Below is code I am working on for a project. Physical Activity and Geo_Reference_Table each have 1249 observations. When I merge them, I get no errors or warnings, but my number of observations goes up to 2009. Why would this be the case, and how do I fix it?
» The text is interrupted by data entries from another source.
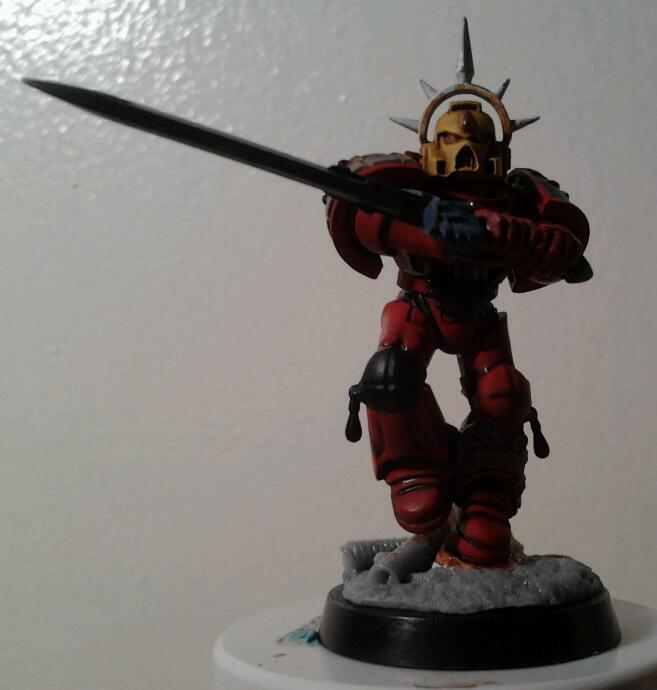 RAS Sergeant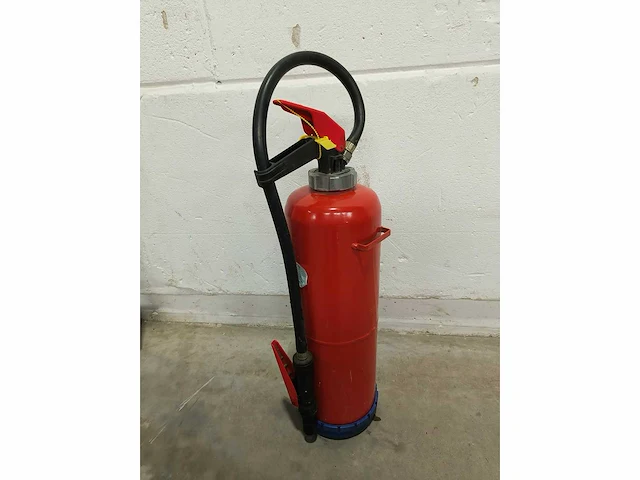 (5x) sicli schuimblusser- aqua 9m5 - fire extinguisher - afbeelding 6 van  9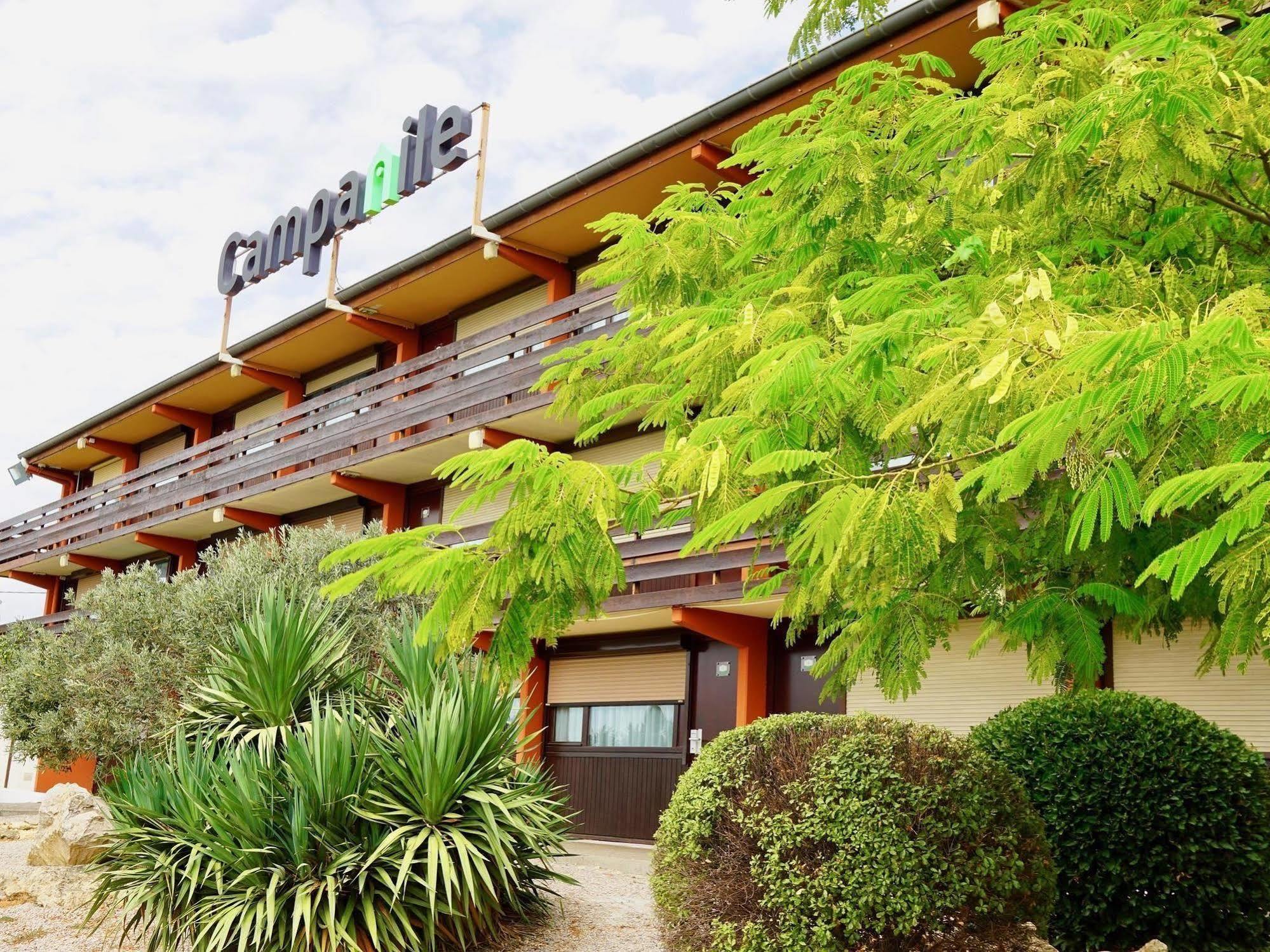 Campanile Salon-De-Provence Hotel Ngoại thất bức ảnh
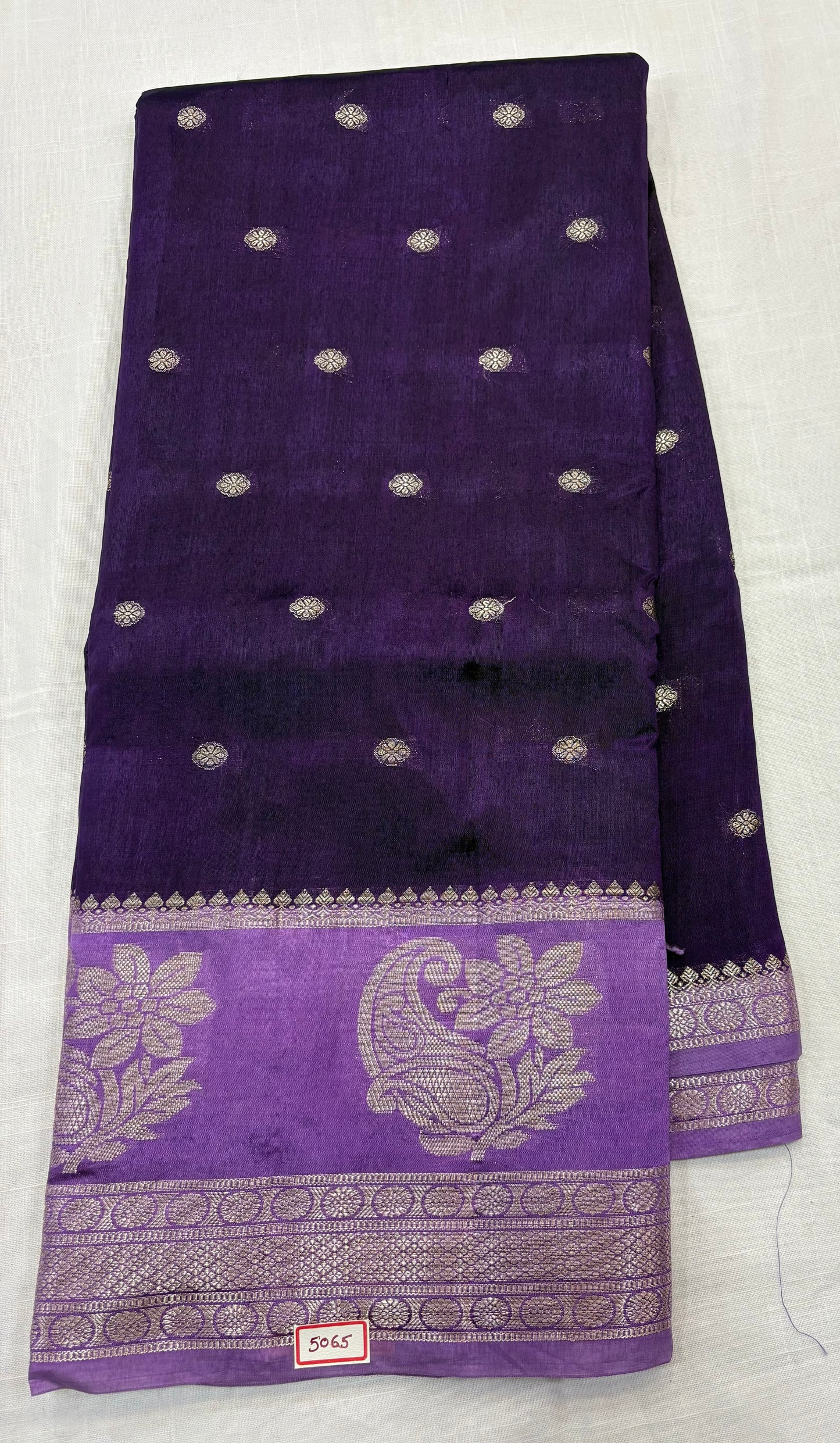 Green Mango Saree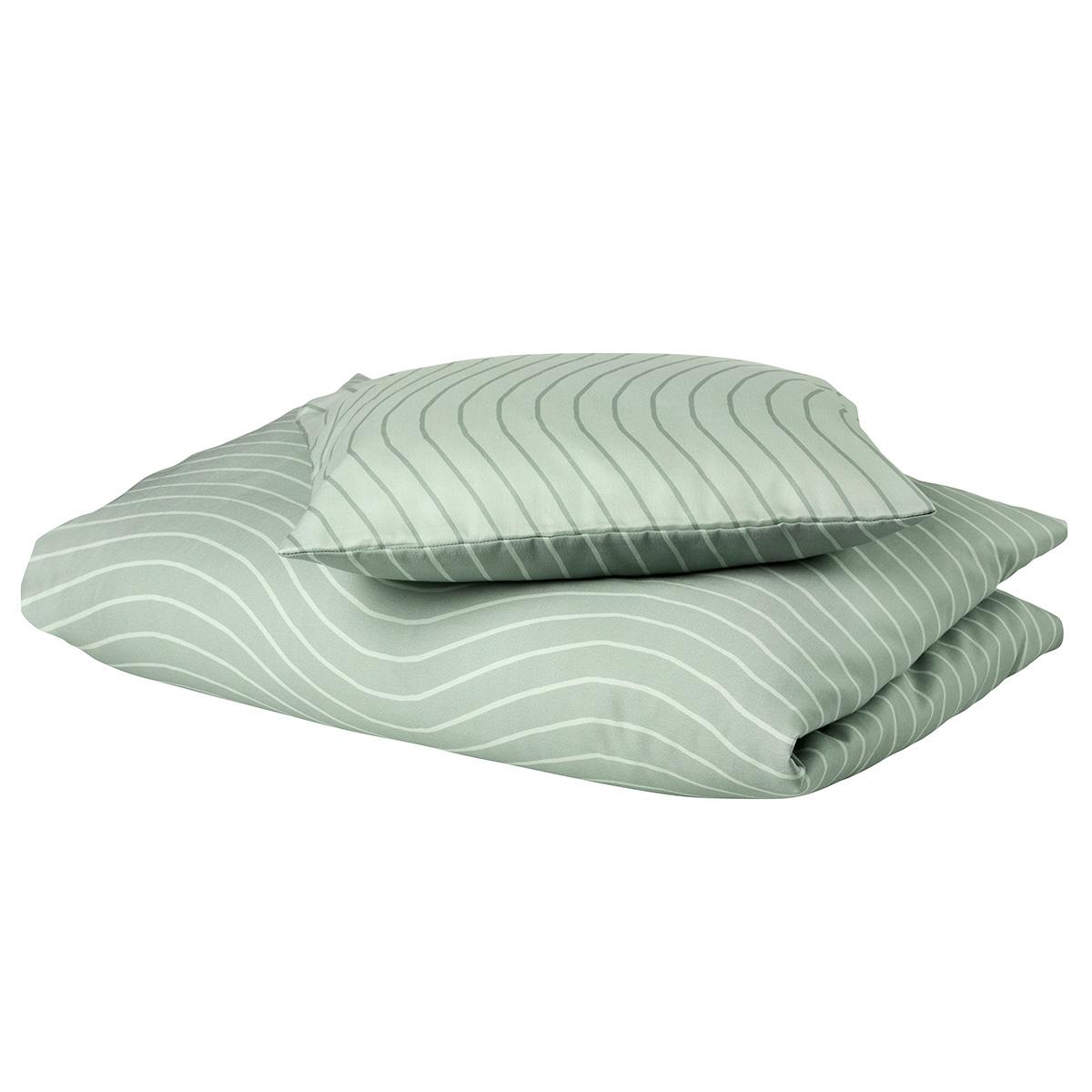 Leander Woodland Sage Babysengetøj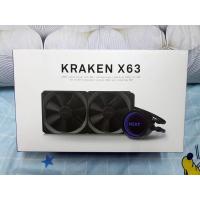 ราคา NZXT Kraken X63 CPU COOLER (3065697353)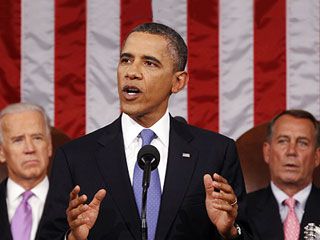 Obama Jobs Speech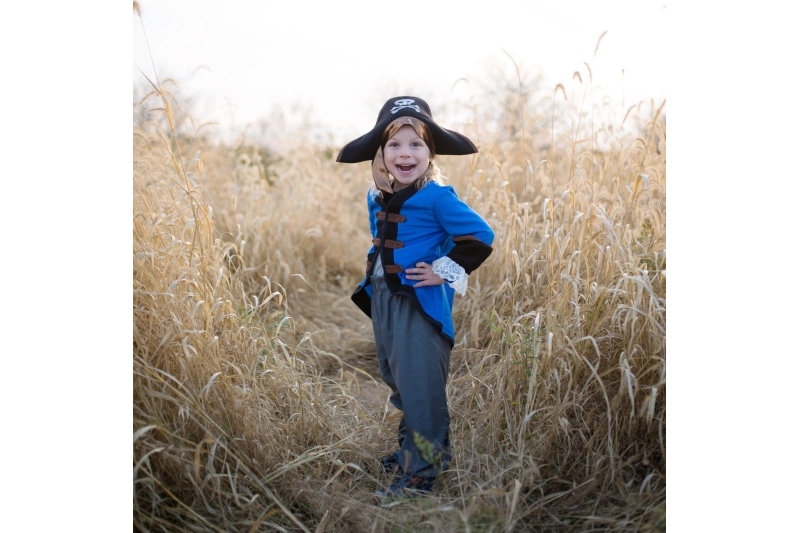 Disfraz de pirata 5-6 años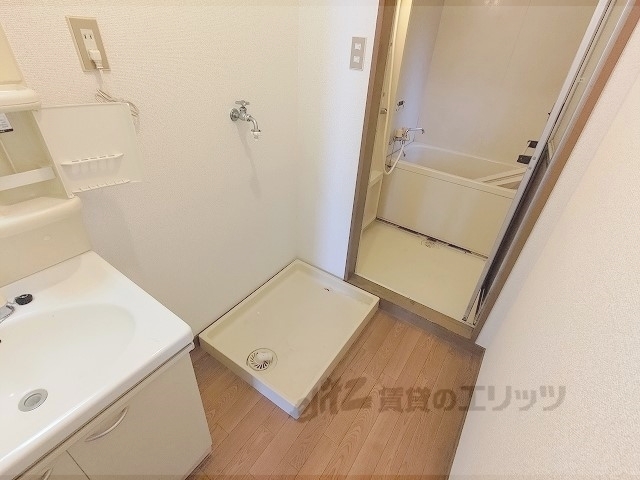 その他部屋・スペース　洗濯機置場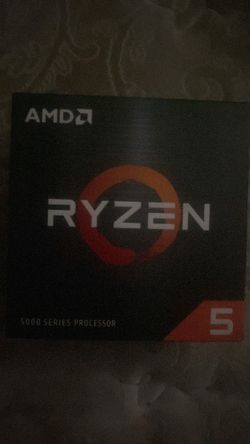 Ryzen 5 5500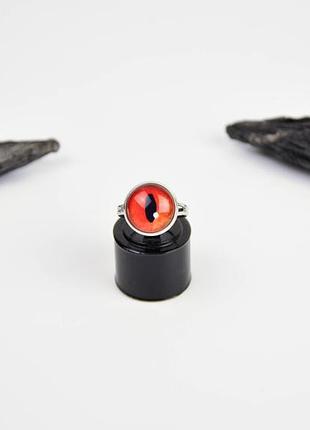 Кольцо глаз дракона 5 арт. 7778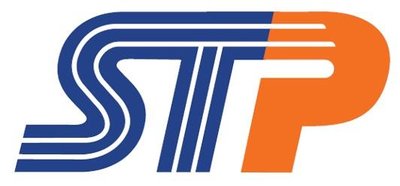 Trademark STP & Logo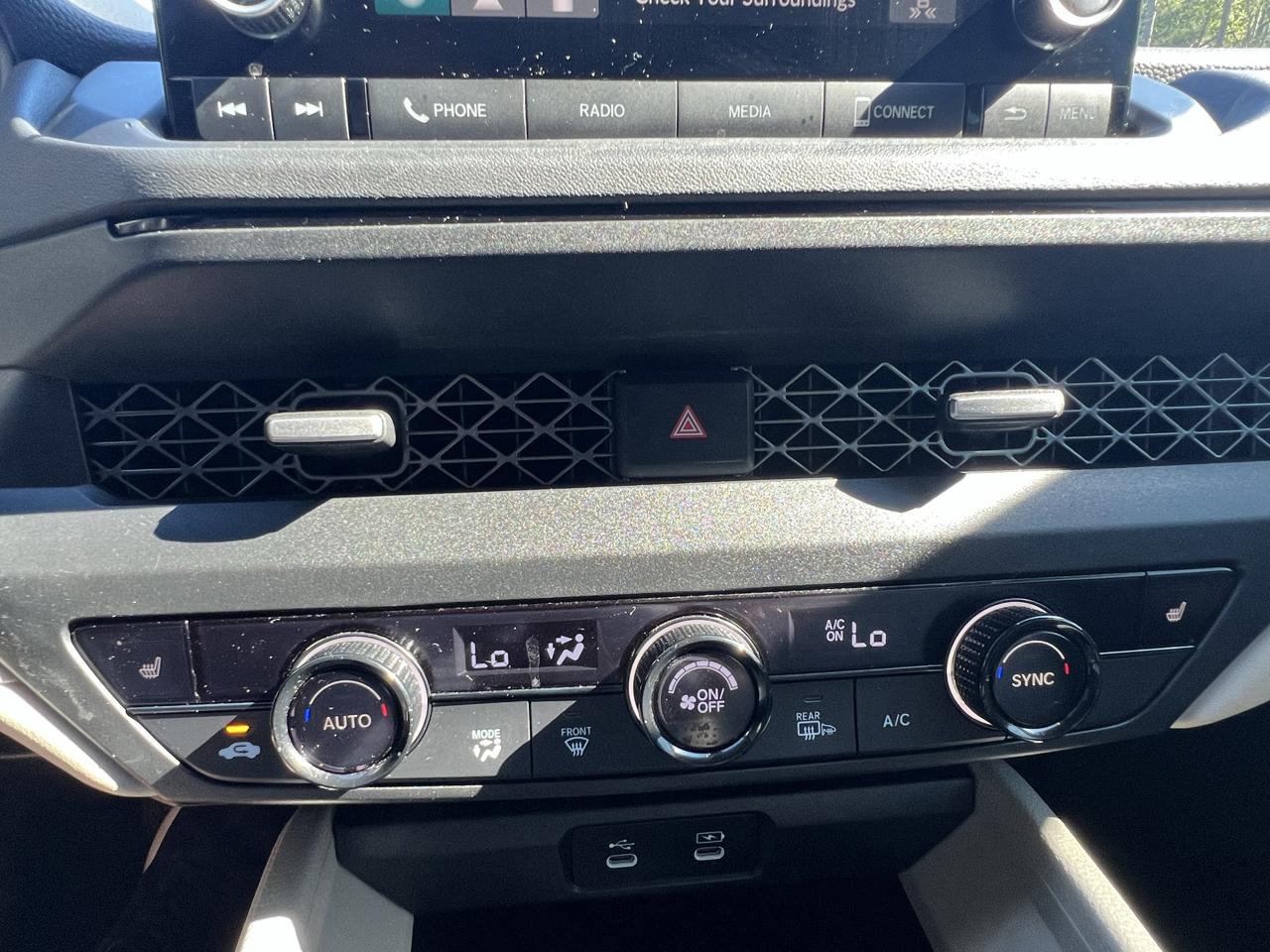 Honda Accord Sedan EX CVT 2024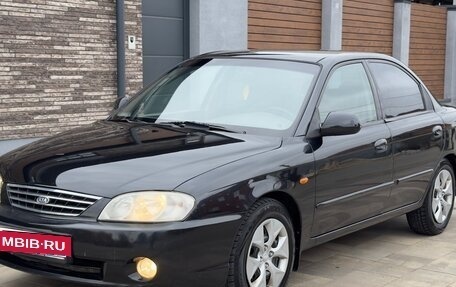 KIA Spectra II (LD), 2008 год, 385 000 рублей, 3 фотография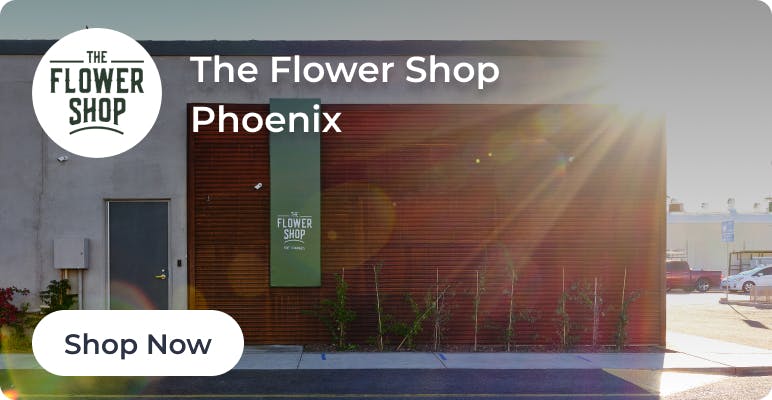 The Flower Shop Phoenix Card
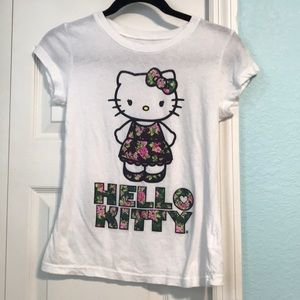 Hello kitty t-shirt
*Rename CT in physical activity to tract_name*; DATA Phy_Act1; SET CoImpt.PhysicalActivity; *RENAME CT = TRACT_NAME; RUN; proc sort data=CoImpt.PhysicalActivity; by TRACT_NAME; run; proc print data=CoImpt.PhysicalActivity; run; *REFERENCE TABLE*; *Merge physical activity with the reference table* *Keep fips, county, tract_name, and adult_pop*; *DATA Ref_table; * MERGE CoImpt.PhysicalActivity CoImpt.Geo_Reference_Table; *BY TRACT_NAME; * KEEP FIPS COUNTY TRACT_NAME adult_pop; * RUN; proc sort data=CoImpt.Geo_Reference_Table; by TRACT_NAME; run; proc print data=CoImpt.Geo_Reference_Table; run; DATA Ref_Table; MERGE CoImpt.Geo_Reference_Table CoImpt.PhysicalActivity; BY TRACT_NAME; RUN; PROC PRINT DATA = Ref_Table; RUN;
If merging two datasets results in more observations than the larger of the two individual datasets, than it means that certain matches were not found. It helps to see the log as well to identify the issue. Feel free to post it and we can investigate.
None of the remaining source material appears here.